◆ Problem requirements ◆
Your job is to write out each record exactly, leaving none out.
(Beginning of Supplied information)
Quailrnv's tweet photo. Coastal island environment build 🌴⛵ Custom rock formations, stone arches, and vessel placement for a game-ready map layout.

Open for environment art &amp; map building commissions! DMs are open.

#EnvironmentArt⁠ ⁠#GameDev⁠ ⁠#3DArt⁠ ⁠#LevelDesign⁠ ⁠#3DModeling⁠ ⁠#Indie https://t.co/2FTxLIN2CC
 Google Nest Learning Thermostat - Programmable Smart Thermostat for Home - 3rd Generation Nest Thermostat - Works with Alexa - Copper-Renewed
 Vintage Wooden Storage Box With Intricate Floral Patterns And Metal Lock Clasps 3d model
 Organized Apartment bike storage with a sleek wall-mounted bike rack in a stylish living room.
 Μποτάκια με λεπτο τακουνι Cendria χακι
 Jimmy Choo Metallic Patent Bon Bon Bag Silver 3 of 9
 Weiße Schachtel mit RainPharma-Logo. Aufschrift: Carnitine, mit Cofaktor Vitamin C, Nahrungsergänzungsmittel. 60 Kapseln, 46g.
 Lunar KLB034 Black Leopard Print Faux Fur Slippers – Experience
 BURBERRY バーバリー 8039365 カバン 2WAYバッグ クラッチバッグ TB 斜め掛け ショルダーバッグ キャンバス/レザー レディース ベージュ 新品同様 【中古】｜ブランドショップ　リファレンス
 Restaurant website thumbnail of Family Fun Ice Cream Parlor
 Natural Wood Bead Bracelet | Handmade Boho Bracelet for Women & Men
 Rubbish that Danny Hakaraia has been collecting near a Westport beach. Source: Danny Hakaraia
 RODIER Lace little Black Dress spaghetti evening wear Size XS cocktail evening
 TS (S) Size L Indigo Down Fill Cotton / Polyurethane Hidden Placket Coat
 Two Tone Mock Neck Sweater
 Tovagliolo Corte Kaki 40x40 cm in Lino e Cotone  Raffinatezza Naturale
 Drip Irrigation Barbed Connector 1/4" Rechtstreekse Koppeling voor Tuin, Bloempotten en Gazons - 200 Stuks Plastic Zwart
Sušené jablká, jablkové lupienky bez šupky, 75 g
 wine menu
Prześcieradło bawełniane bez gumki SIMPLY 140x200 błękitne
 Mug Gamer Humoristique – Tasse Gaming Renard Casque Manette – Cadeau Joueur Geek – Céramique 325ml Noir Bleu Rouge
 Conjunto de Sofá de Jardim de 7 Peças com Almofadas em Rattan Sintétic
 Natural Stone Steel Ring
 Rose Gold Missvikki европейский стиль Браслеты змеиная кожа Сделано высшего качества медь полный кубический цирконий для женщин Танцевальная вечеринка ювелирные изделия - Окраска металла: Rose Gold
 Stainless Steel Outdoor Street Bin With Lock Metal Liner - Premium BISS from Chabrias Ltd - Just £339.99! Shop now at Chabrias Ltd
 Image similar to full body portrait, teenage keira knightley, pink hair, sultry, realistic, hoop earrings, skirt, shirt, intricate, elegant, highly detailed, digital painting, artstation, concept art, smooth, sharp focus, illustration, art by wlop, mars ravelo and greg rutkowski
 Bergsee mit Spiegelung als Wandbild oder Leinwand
(End of Supplied information)
◆ Expected output ◆
Quailrnv's tweet photo. Coastal island environment build 🌴⛵ Custom rock formations, stone arches, and vessel placement for a game-ready map layout.

Open for environment art &amp; map building commissions! DMs are open.

#EnvironmentArt⁠ ⁠#GameDev⁠ ⁠#3DArt⁠ ⁠#LevelDesign⁠ ⁠#3DModeling⁠ ⁠#Indie https://t.co/2FTxLIN2CC
 Google Nest Learning Thermostat - Programmable Smart Thermostat for Home - 3rd Generation Nest Thermostat - Works with Alexa - Copper-Renewed
 Vintage Wooden Storage Box With Intricate Floral Patterns And Metal Lock Clasps 3d model
 Organized Apartment bike storage with a sleek wall-mounted bike rack in a stylish living room.
 Μποτάκια με λεπτο τακουνι Cendria χακι
 Jimmy Choo Metallic Patent Bon Bon Bag Silver 3 of 9
 Weiße Schachtel mit RainPharma-Logo. Aufschrift: Carnitine, mit Cofaktor Vitamin C, Nahrungsergänzungsmittel. 60 Kapseln, 46g.
 Lunar KLB034 Black Leopard Print Faux Fur Slippers – Experience
 BURBERRY バーバリー 8039365 カバン 2WAYバッグ クラッチバッグ TB 斜め掛け ショルダーバッグ キャンバス/レザー レディース ベージュ 新品同様 【中古】｜ブランドショップ　リファレンス
 Restaurant website thumbnail of Family Fun Ice Cream Parlor
 Natural Wood Bead Bracelet | Handmade Boho Bracelet for Women & Men
 Rubbish that Danny Hakaraia has been collecting near a Westport beach. Source: Danny Hakaraia
 RODIER Lace little Black Dress spaghetti evening wear Size XS cocktail evening
 TS (S) Size L Indigo Down Fill Cotton / Polyurethane Hidden Placket Coat
 Two Tone Mock Neck Sweater
 Tovagliolo Corte Kaki 40x40 cm in Lino e Cotone  Raffinatezza Naturale
 Drip Irrigation Barbed Connector 1/4" Rechtstreekse Koppeling voor Tuin, Bloempotten en Gazons - 200 Stuks Plastic Zwart
Sušené jablká, jablkové lupienky bez šupky, 75 g
 wine menu
Prześcieradło bawełniane bez gumki SIMPLY 140x200 błękitne
 Mug Gamer Humoristique – Tasse Gaming Renard Casque Manette – Cadeau Joueur Geek – Céramique 325ml Noir Bleu Rouge
 Conjunto de Sofá de Jardim de 7 Peças com Almofadas em Rattan Sintétic
 Natural Stone Steel Ring
 Rose Gold Missvikki европейский стиль Браслеты змеиная кожа Сделано высшего качества медь полный кубический цирконий для женщин Танцевальная вечеринка ювелирные изделия - Окраска металла: Rose Gold
 Stainless Steel Outdoor Street Bin With Lock Metal Liner - Premium BISS from Chabrias Ltd - Just £339.99! Shop now at Chabrias Ltd
 Image similar to full body portrait, teenage keira knightley, pink hair, sultry, realistic, hoop earrings, skirt, shirt, intricate, elegant, highly detailed, digital painting, artstation, concept art, smooth, sharp focus, illustration, art by wlop, mars ravelo and greg rutkowski
 Bergsee mit Spiegelung als Wandbild oder Leinwand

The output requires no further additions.